According to Gerrit Davids, Lead Advisor at TaranisCo Advisory, "The Bill deals with various critical issues such as regulating the general procurement environment for organs of state, creating an enabling framework for preferential procurement as well as seeking to manage the total procurement process through delegated powers for officials while also aiming to repeal a number of existing pieces of legislation."
Davids says, "However from a bidder’s point of view, a number of key issues are of importance, in that once the Bill is accepted, it will instruct the Minister of Finance to create a set of regulations authorising organs of state to give preferences through a “Pre-Qualifying Criteria”, to “persons, or categories of persons, previously disadvantaged by unfair discrimination, in procurement.”
"The intended framework would use the B-BBEE enabling legislation as its foundation when setting a revised “preference point system and thresholds”, as well as “measures to advance a category or categories of persons or businesses or a sector.”
Davids also points out that, "The Draft envisages that the applicable “preferences” for government contracts, must be inclusive of considerations like the promotion of certain categories of people in a particular sector, goods made in SA, preferences for local technology, services rendered by SA citizens, contracts which will have high levels of job creation, preferences given to enterprises based in townships and underdeveloped areas as well as the promotion of businesses located in a particular province or municipality respectively."
"Consideration will also be given to the role of manufacturers, the promotion of industrial development and making it compulsory to include SMMEs in high value procurement with a specific focus on women, youth and people with disabilities."
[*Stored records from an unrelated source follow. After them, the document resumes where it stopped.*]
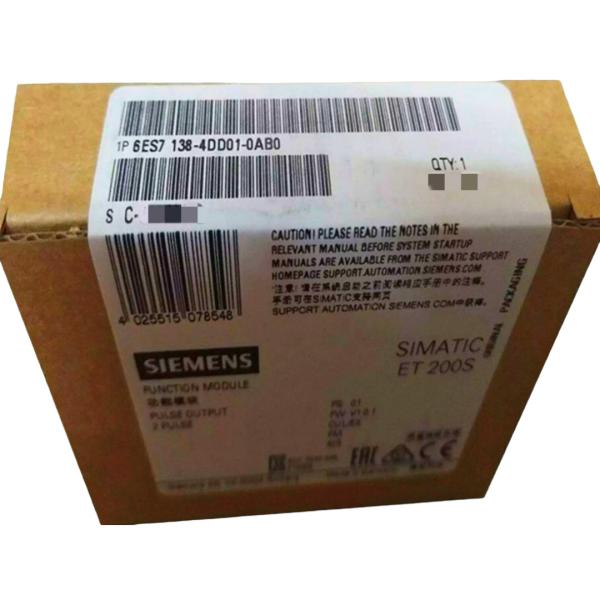 SIEMENS 6ES7138-4DD01-0AB0 SIMATIC DP, ELECTRONICS MODULE FOR ET 200S, 2 PULSES PULSE GENERATOR AND TIMER MODULE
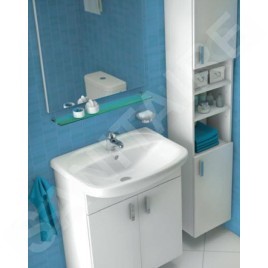Jika Lyra - Armoire haute, 320x251x1700 mm, blanc brillant H4519714323001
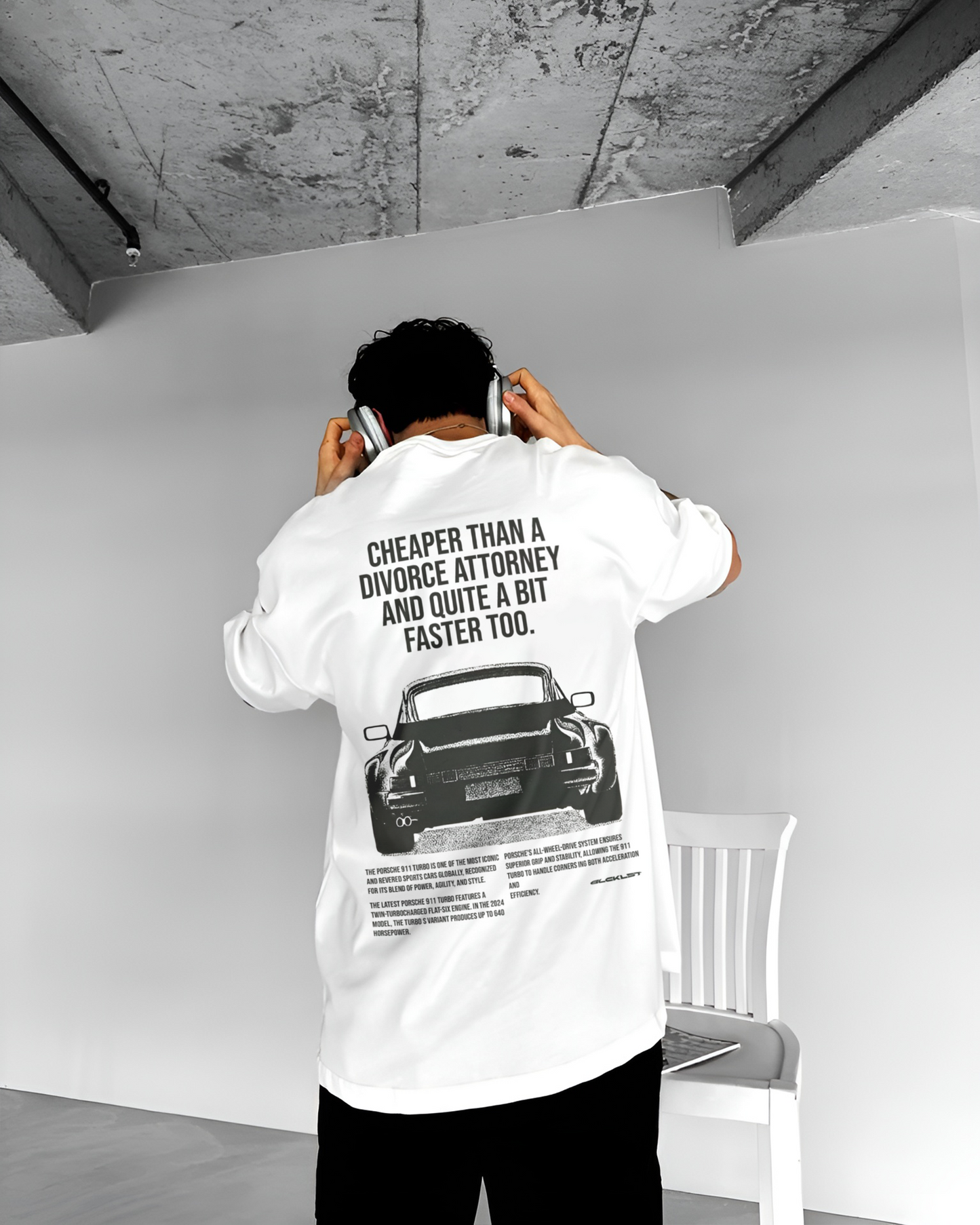 Porsche White Tshirt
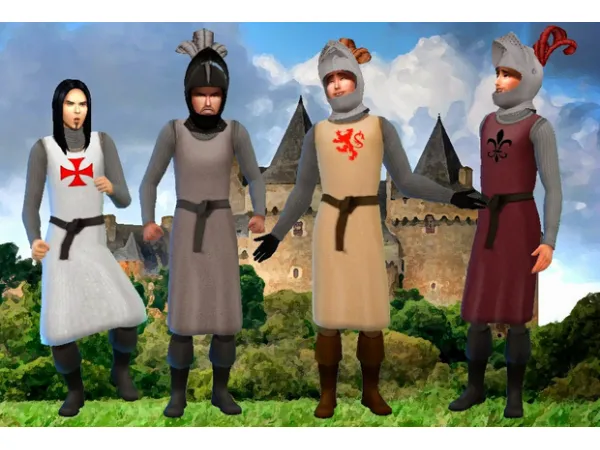 Maxis Match Medieval Warrior by Kiara Zurk - The Sims 4 Custom Content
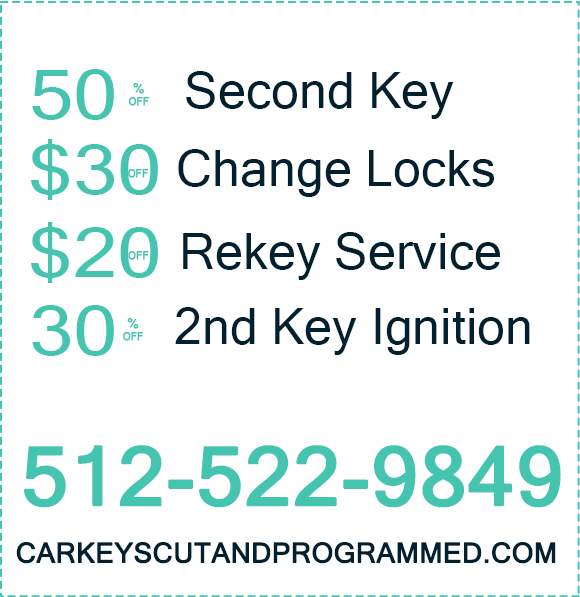 Car Keys Cut And Programmed Austin TX coupon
However, before the Minister of Finance create these Regulations as outlined above, it must consult with the “Minister responsible for women, youth, people with disabilities, small businesses, trade, industry, competition or infrastructure before making a regulation”, which will include these pre-requisites for categories of preference.
The Draft Bill also seeks to create a mechanism for organs of state to set a minimum “Qualifying Criteria” for all bidders in relation to aspects like, experience, available financial and material resources to execute the contract, profiles of personnel and managerial capacity, past records of similar contracts, professional licensing, or any other set of criteria it may deem necessary to asses the bidder’s capacity.
The Bill also aims to make it compulsory for organs of state, before awarding a contract, to conduct a due diligence and a verification process, especially in relation to where the bidder or its shareholders have been debarred from doing business with the State.
Overall, the Draft Bill has a deep bias towards a clear mandate to “advance economic opportunities for previously disadvantaged people and women, the youth and people with disabilities, small businesses, and promote local production.”
Davids says that, "It seems that larger suppliers doing business with the state would be well advised to be proactive and forge real and sustainable partnerships with these “categories of persons”, which will clearly be the biggest consideration, before a contract is awarded in future."